Israeli professor (b. 1959)

Azar Gat (Hebrew: עזר גת; born 1959) is an Israeli researcher of war, nationalism and ideology, and a professor at the School of Political Science, Government, and International Relations at Tel Aviv University.

Gat has served as a visiting professor and researcher at the University of Oxford, Yale University, Stanford University, Georgetown University, Ohio State University, the University of Freiburg, LMU Munich, and the University of Konstanz. He is a three-time winner of both the Alexander von Humboldt Fellowship and research grants from Israel Science Foundation (ISF). He has also won a Rothschild Fellowship, a Fulbright Fellowship, and a British Council Fellowship. Gat was a recipient of the EMET Prize for the year 2019.

== Biography ==
Born in Israel, Gat holds a bachelor's degree from the University of Haifa (1978), a master's degree from Tel Aviv University (1983), and a doctorate from the University of Oxford (1986). He served as a major in the Israel Defense Forces (IDF).
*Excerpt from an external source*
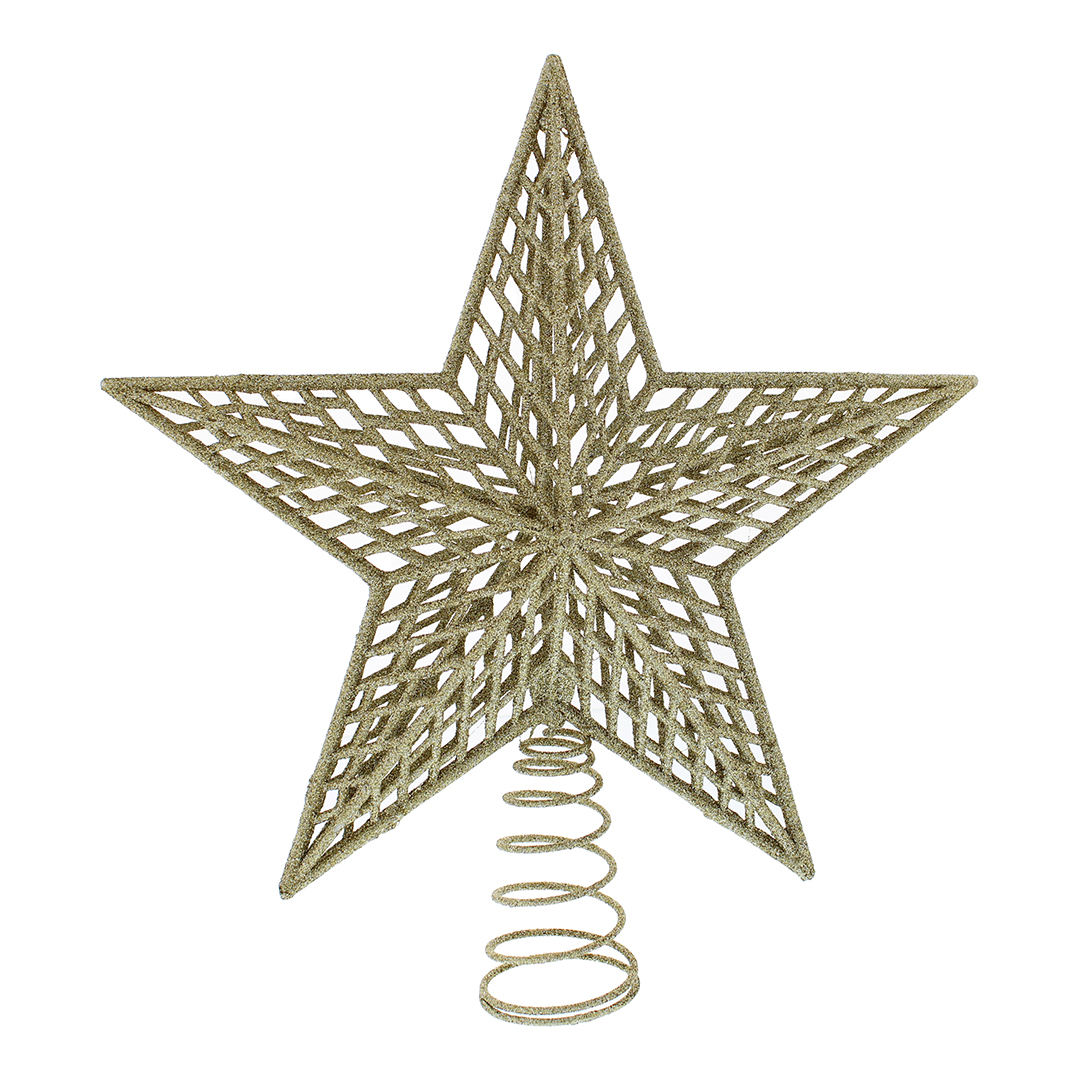 Festive Glitter Star Tree Topper Gold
Since 1987, Gat has been on the faculty of the Department of Political Science at Tel Aviv University (now the School of Political Science, Government and International Affairs), where he is currently a full professor and the incumbent of the Ezer Weizman Chair in National Security. He has twice served as head of the department. Gat also founded and heads the Executive MA Program in Security and Diplomacy and the International MA Program in Security and Diplomacy. He is an academic advisor to the Institute for National Security Studies (INSS).

==Publications==

===Books===
- "The Origins of Military Thought: From the Enlightenment to Clausewitz" (1989)
- "The Development of Military Thought: The Nineteenth Century" (1992)
- "Fascist and Liberal Visions of War: Fuller, Liddell Hart, Douhet, and Other Modernists" (1998)
- "British Armour Theory and the Rise of the Panzer Arm: Revising the Revisionists" (2000)
- Zeev Maoz (2001). "War in a Changing World"
- "A History of Military Thought: From the Enlightenment to the Cold War" (2001)
- "War in Human Civilization" (2006)
- "Victorious and Vulnerable: Why Democracy Won in the 20th Century and How it is Still Imperiled" (2010)
- "Nations: The Long History and Deep Roots of Political Ethnicity and Nationalism" (2012)
- "The Causes of War and the Spread of Peace: But Will War Rebound?" (2017)
- "War and Strategy in the Modern World: From Blitzkrieg to Unconventional Terrorism" (2018)
- "Ideological Fixation: From the Stone Age to Today's Culture Wars" (2022)
- "The Clausewitz Myth: Or the Emperor's New Clothes" (2024)
- "Military Theory and the Conduct of War: What Is Strategy All About?" (2025)

===Journal articles===
- Gat, Azar (1992). "Clausewitz and the Marxists: Yet Another Look"
- Gat, Azar (1996). "The Hidden Sources of Liddell Hart's Strategic Ideas"
- Gat, Azar (2005). "The Democratic Peace Theory Reframed: The Impact of Modernity"
- Gat, Azar (2007). "The Return of Authoritarian Great Powers"
- Gat, Azar, Daniel Deudney, G. John Ikenberry, Ronald Inglehart and Christian Welzel (2009). "Which Way Is History Marching? Debating the Authoritarian Revival"
- Gat, Azar (2009). "So Why Do People Fight? Evolutionary Theory and the Causes of War"
- Gat, Azar (2013). "Is War Declining – And Why?"
- Gat, Azar (2015). "Proving Communal Warfare among Hunter-Gatherers: The Quasi-Rousseauan Error"
- Gat, Azar (2019). "Is War in Our Nature? What Is Right and What Is Wrong about the Seville Statement on Violence"
- Gat, Azar (2024). "Is the Decline of War a Delusion? The Long Peace Phenomenon and the Modernization Peace – the Explanation that Refutes or Subsumes All Others"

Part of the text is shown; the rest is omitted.